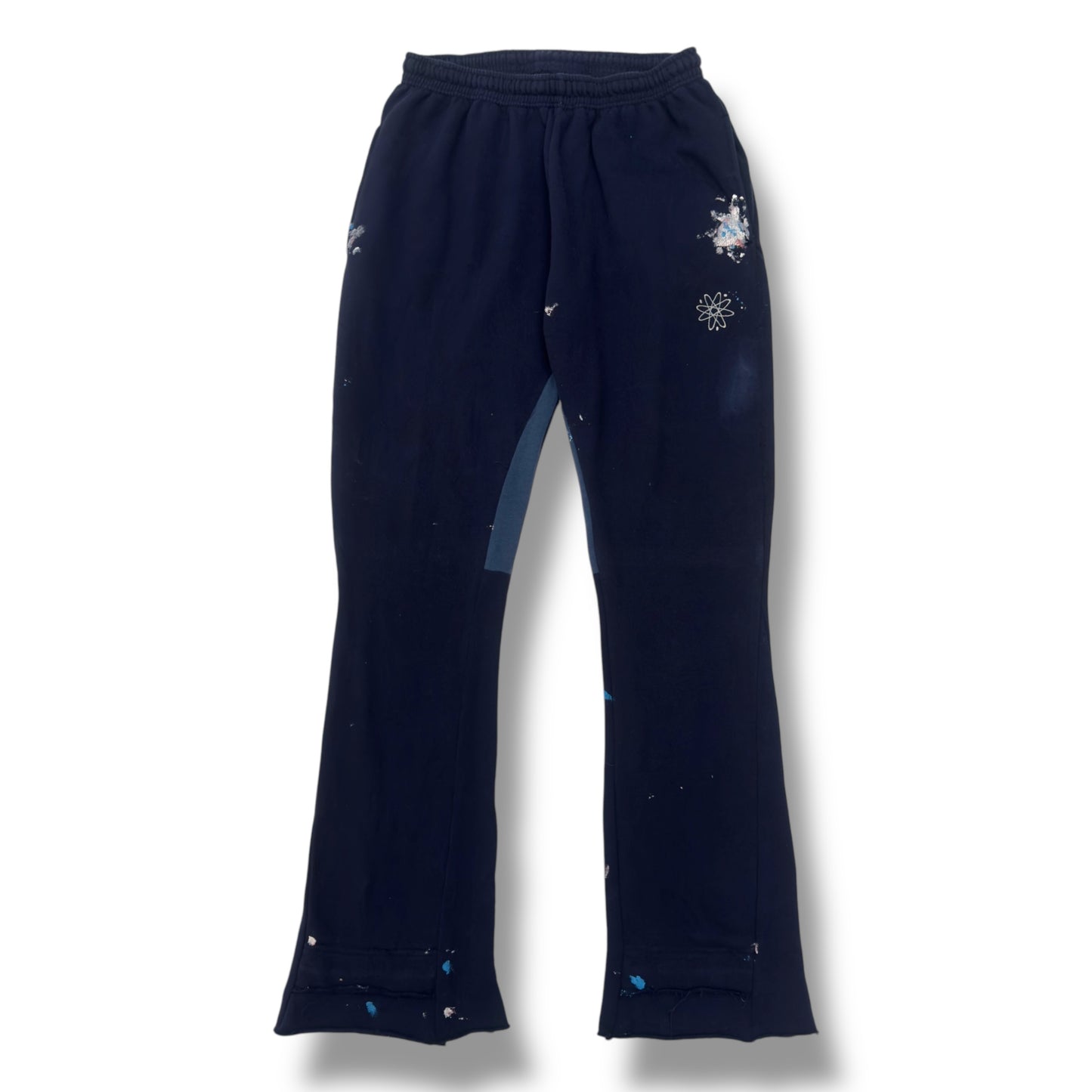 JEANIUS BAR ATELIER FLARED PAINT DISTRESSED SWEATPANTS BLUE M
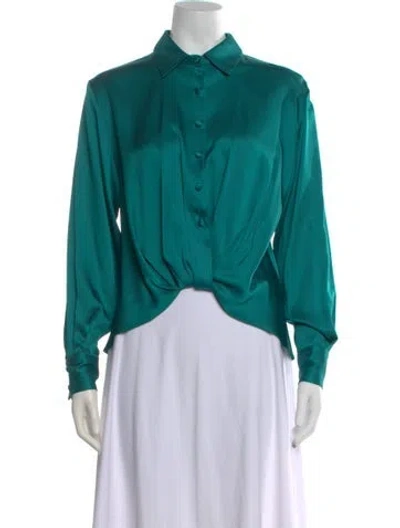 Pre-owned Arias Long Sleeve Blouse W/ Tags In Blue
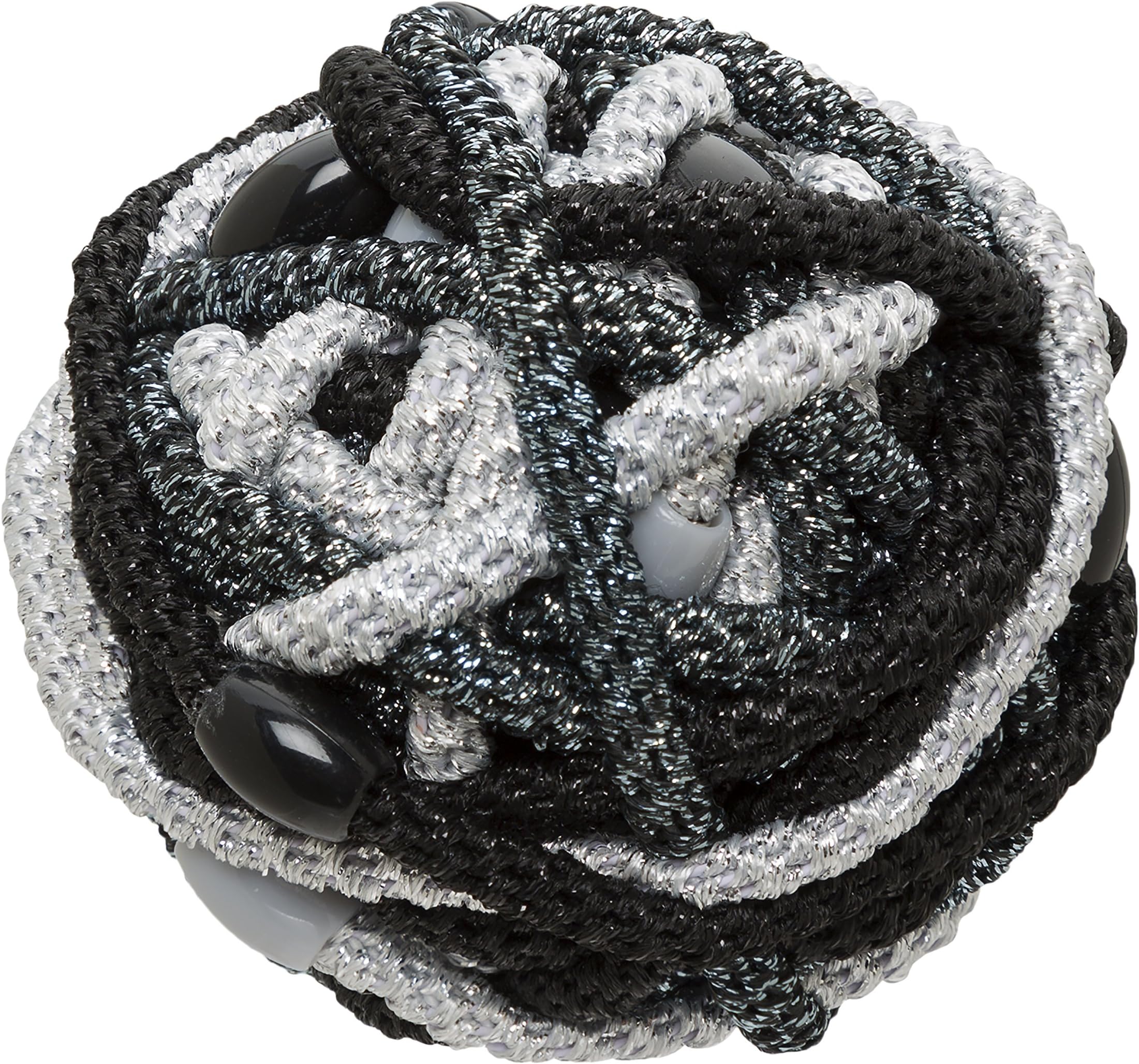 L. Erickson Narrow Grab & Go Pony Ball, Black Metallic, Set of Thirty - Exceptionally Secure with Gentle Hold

************

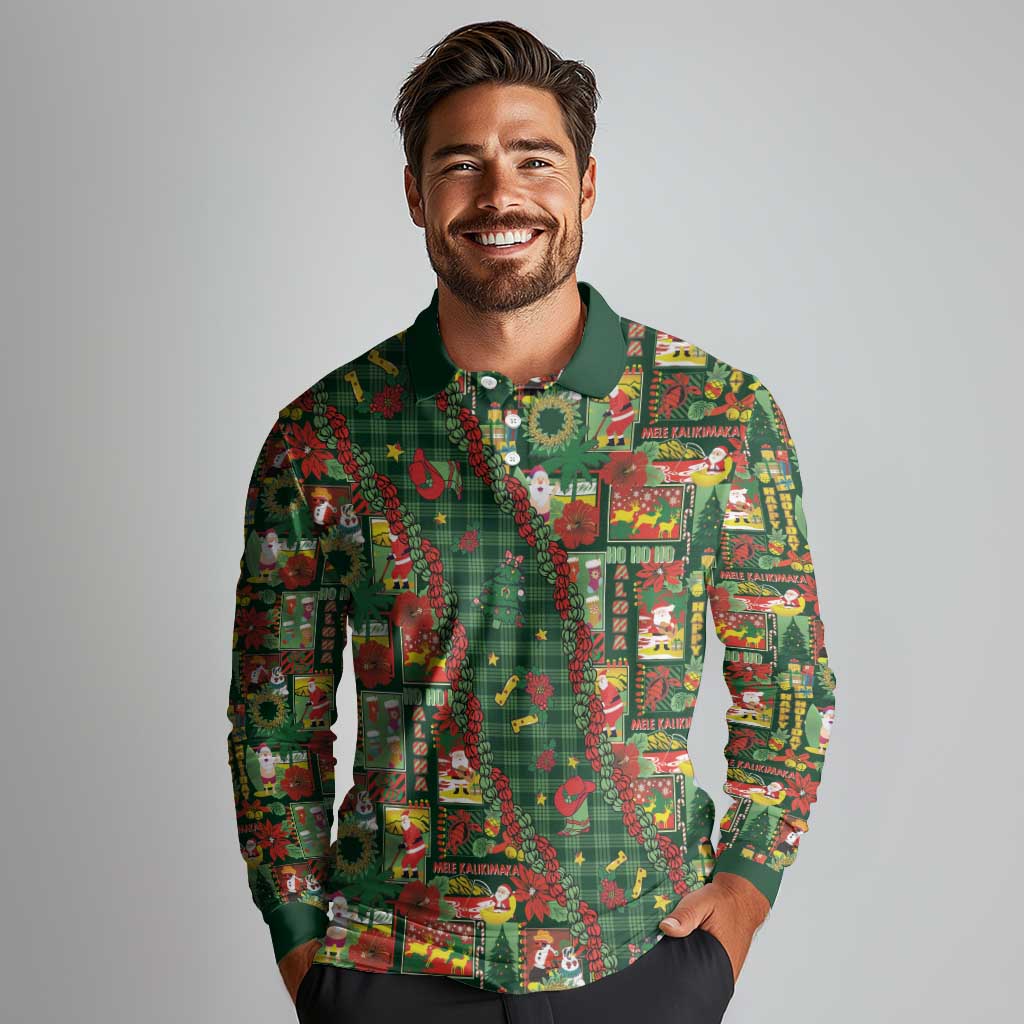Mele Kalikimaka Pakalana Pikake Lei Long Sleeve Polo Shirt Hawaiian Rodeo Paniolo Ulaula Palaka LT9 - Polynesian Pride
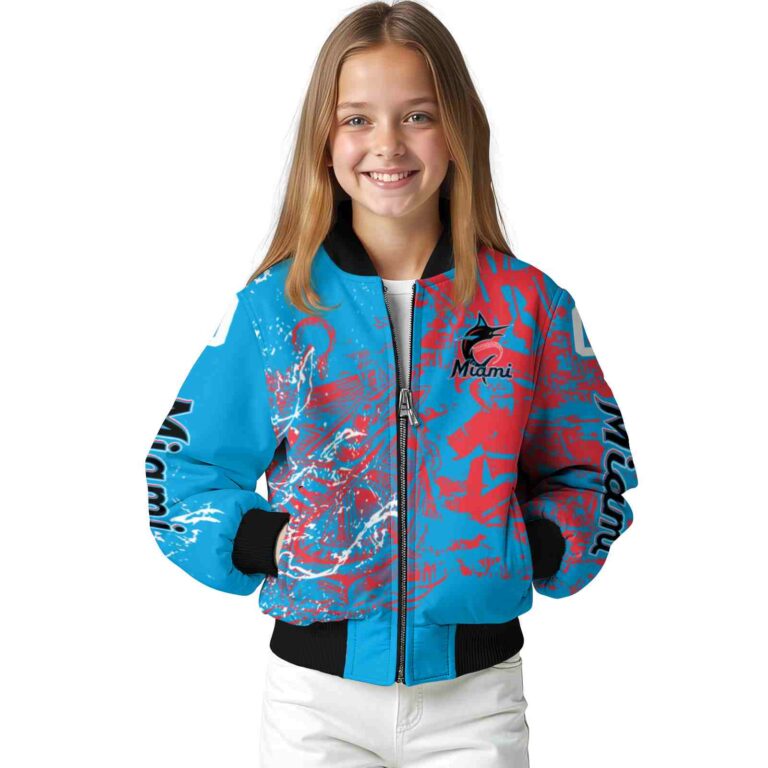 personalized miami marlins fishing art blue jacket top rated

************

Every line above in the stretch from the one with "JEANIUS BAR ATELIER" through the one with "L. Erickson Narrow" is to be transcribed exactly, ends included. No picture is copied.

 JEANIUS BAR ATELIER FLARED PAINT DISTRESSED SWEATPANTS BLUE M
 Pre-owned Arias Long Sleeve Blouse W/ Tags In Blue
 L. Erickson Narrow Grab & Go Pony Ball, Black Metallic, Set of Thirty - Exceptionally Secure with Gentle Hold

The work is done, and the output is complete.